J’ai récem­ment eu l’oc­ca­sion de me rendre à Namur, petite cité très agréable au cœur de la Wal­lo­nie, et qui a le mérite sup­plé­men­taire d’a­bri­ter un Musée Féli­cien Rops à l’ombre de sa cita­delle. La plus grande par­tie de sa col­lec­tion per­ma­nente est consa­crée aux des­sins de l’ar­tiste épo­nyme et le fonds non négli­geable que le musée a réus­si à ras­sem­bler couvre pra­ti­que­ment tous les aspects de la car­rière artis­tique de F. Rops, dont chaque ama­teur du XIXe siècle a déjà enten­du par­ler, ne fût-ce que comme illus­tra­teur d’œuvres deve­nus depuis célèbres (voire célé­bris­simes) : Épaves de Bau­de­laire, Jeunes France de Gau­tier ou encore Les Dia­bo­liques de Bar­bey d’Au­re­vil­ly, pour n’en citer qu’une petite partie.

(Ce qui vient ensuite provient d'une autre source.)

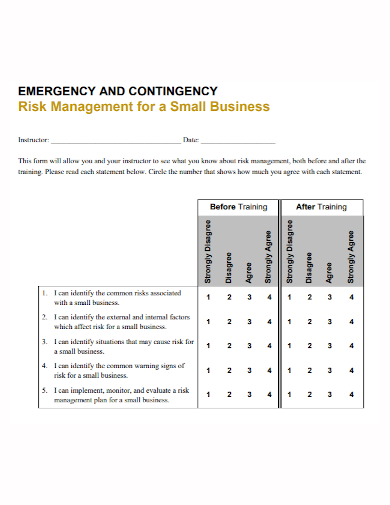 small business risk contingency plan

Félicien Rops, Le quatrième verre de Cognac (small)
Féli­cien Rops, Le qua­trième verre de Cognac

Par­mi les sujets qui ont par­ti­cu­liè­re­ment occu­pé ce manieur habile du burin et du pin­ceau – et la liste des livres illus­trés par ses soins en donne déjà une pre­mière idée – il y a en tout pre­mier lieu la Femme et les bas-fonds de la socié­té. Et ima­gi­nez un peu les pro­fon­deurs où plonge le regard, quand la conju­gai­son de ces deux sujets ouvre un abîme, à deux pieds du spec­ta­teur incré­dule. On pour­rait croire que Rops, par un tel pro­cé­dé, a déli­bé­ré­ment choi­si de s’op­po­ser, avec toute la force de son art, à ce pas­sage célèbre des Diaboliques :

« Mais je me figure que l’enfer, vu par un sou­pi­rail, devrait être plus effrayant que si, d’un seul et pla­nant regard, on pou­vait l’embrasser tout entier. »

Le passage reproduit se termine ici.